**How to complete this task**
Each record below needs to be copied out exactly as it stands.

Information given below:

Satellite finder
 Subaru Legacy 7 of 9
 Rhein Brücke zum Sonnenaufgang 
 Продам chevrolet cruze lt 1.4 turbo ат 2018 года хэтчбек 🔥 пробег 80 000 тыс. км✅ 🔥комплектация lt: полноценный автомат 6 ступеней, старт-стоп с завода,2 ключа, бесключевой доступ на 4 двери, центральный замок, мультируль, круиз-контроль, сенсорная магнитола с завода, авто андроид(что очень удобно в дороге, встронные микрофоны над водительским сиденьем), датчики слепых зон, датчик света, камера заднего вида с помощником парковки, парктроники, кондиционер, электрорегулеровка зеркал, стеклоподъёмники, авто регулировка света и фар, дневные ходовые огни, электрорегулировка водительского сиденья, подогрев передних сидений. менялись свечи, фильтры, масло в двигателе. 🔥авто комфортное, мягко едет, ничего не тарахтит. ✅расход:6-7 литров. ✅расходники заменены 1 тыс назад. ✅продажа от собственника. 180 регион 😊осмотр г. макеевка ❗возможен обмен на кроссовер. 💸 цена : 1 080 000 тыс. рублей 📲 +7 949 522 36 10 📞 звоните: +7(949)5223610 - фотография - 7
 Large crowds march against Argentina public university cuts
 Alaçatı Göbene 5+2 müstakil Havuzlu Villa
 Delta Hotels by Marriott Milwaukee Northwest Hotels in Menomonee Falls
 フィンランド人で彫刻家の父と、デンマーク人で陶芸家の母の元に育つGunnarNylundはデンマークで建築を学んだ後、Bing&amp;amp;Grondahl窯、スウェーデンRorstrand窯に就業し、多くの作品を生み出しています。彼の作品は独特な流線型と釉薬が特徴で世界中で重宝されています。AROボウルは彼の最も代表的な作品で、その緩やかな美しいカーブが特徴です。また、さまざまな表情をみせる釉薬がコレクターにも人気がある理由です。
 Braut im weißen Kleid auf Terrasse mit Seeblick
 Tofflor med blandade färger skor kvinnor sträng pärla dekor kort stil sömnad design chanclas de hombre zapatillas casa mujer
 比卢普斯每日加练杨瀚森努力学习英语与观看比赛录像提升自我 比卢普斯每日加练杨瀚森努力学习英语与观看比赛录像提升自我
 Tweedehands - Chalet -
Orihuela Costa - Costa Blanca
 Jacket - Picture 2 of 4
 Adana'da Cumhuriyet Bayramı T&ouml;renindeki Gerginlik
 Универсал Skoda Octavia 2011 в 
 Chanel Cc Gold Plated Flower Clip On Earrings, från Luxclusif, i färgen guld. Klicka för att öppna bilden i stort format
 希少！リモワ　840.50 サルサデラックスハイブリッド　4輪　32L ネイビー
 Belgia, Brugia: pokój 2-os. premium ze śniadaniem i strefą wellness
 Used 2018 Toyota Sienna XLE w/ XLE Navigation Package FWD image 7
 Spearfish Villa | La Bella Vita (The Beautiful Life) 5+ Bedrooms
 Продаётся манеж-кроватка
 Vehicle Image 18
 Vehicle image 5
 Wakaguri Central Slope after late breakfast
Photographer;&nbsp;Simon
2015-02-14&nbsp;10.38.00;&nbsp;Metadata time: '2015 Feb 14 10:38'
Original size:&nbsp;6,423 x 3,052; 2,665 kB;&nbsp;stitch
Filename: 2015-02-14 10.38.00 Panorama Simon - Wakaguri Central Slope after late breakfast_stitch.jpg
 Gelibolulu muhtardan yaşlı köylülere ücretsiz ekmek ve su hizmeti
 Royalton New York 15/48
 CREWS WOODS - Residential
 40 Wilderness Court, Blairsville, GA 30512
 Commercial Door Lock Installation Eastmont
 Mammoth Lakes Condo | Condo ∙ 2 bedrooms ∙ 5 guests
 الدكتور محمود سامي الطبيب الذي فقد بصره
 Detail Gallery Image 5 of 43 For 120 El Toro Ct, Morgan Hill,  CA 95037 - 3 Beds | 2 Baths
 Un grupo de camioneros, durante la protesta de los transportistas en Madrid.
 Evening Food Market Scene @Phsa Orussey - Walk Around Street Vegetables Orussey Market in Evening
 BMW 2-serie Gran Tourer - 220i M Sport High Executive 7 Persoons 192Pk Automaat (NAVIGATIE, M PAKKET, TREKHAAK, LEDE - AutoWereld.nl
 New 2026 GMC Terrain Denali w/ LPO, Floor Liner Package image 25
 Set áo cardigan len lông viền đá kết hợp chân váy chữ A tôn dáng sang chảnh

End of Information given.

**Response**
Satellite finder
 Subaru Legacy 7 of 9
 Rhein Brücke zum Sonnenaufgang 
 Продам chevrolet cruze lt 1.4 turbo ат 2018 года хэтчбек 🔥 пробег 80 000 тыс. км✅ 🔥комплектация lt: полноценный автомат 6 ступеней, старт-стоп с завода,2 ключа, бесключевой доступ на 4 двери, центральный замок, мультируль, круиз-контроль, сенсорная магнитола с завода, авто андроид(что очень удобно в дороге, встронные микрофоны над водительским сиденьем), датчики слепых зон, датчик света, камера заднего вида с помощником парковки, парктроники, кондиционер, электрорегулеровка зеркал, стеклоподъёмники, авто регулировка света и фар, дневные ходовые огни, электрорегулировка водительского сиденья, подогрев передних сидений. менялись свечи, фильтры, масло в двигателе. 🔥авто комфортное, мягко едет, ничего не тарахтит. ✅расход:6-7 литров. ✅расходники заменены 1 тыс назад. ✅продажа от собственника. 180 регион 😊осмотр г. макеевка ❗возможен обмен на кроссовер. 💸 цена : 1 080 000 тыс. рублей 📲 +7 949 522 36 10 📞 звоните: +7(949)5223610 - фотография - 7
 Large crowds march against Argentina public university cuts
 Alaçatı Göbene 5+2 müstakil Havuzlu Villa
 Delta Hotels by Marriott Milwaukee Northwest Hotels in Menomonee Falls
 フィンランド人で彫刻家の父と、デンマーク人で陶芸家の母の元に育つGunnarNylundはデンマークで建築を学んだ後、Bing&amp;amp;Grondahl窯、スウェーデンRorstrand窯に就業し、多くの作品を生み出しています。彼の作品は独特な流線型と釉薬が特徴で世界中で重宝されています。AROボウルは彼の最も代表的な作品で、その緩やかな美しいカーブが特徴です。また、さまざまな表情をみせる釉薬がコレクターにも人気がある理由です。
 Braut im weißen Kleid auf Terrasse mit Seeblick
 Tofflor med blandade färger skor kvinnor sträng pärla dekor kort stil sömnad design chanclas de hombre zapatillas casa mujer
 比卢普斯每日加练杨瀚森努力学习英语与观看比赛录像提升自我 比卢普斯每日加练杨瀚森努力学习英语与观看比赛录像提升自我
 Tweedehands - Chalet -
Orihuela Costa - Costa Blanca
 Jacket - Picture 2 of 4
 Adana'da Cumhuriyet Bayramı T&ouml;renindeki Gerginlik
 Универсал Skoda Octavia 2011 в 
 Chanel Cc Gold Plated Flower Clip On Earrings, från Luxclusif, i färgen guld. Klicka för att öppna bilden i stort format
 希少！リモワ　840.50 サルサデラックスハイブリッド　4輪　32L ネイビー
 Belgia, Brugia: pokój 2-os. premium ze śniadaniem i strefą wellness
 Used 2018 Toyota Sienna XLE w/ XLE Navigation Package FWD image 7
 Spearfish Villa | La Bella Vita (The Beautiful Life) 5+ Bedrooms
 Продаётся манеж-кроватка
 Vehicle Image 18
 Vehicle image 5
 Wakaguri Central Slope after late breakfast
Photographer;&nbsp;Simon
2015-02-14&nbsp;10.38.00;&nbsp;Metadata time: '2015 Feb 14 10:38'
Original size:&nbsp;6,423 x 3,052; 2,665 kB;&nbsp;stitch
Filename: 2015-02-14 10.38.00 Panorama Simon - Wakaguri Central Slope after late breakfast_stitch.jpg
 Gelibolulu muhtardan yaşlı köylülere ücretsiz ekmek ve su hizmeti
 Royalton New York 15/48
 CREWS WOODS - Residential
 40 Wilderness Court, Blairsville, GA 30512
 Commercial Door Lock Installation Eastmont
 Mammoth Lakes Condo | Condo ∙ 2 bedrooms ∙ 5 guests
 الدكتور محمود سامي الطبيب الذي فقد بصره
 Detail Gallery Image 5 of 43 For 120 El Toro Ct, Morgan Hill,  CA 95037 - 3 Beds | 2 Baths
 Un grupo de camioneros, durante la protesta de los transportistas en Madrid.
 Evening Food Market Scene @Phsa Orussey - Walk Around Street Vegetables Orussey Market in Evening
 BMW 2-serie Gran Tourer - 220i M Sport High Executive 7 Persoons 192Pk Automaat (NAVIGATIE, M PAKKET, TREKHAAK, LEDE - AutoWereld.nl
 New 2026 GMC Terrain Denali w/ LPO, Floor Liner Package image 25
 Set áo cardigan len lông viền đá kết hợp chân váy chữ A tôn dáng sang chảnh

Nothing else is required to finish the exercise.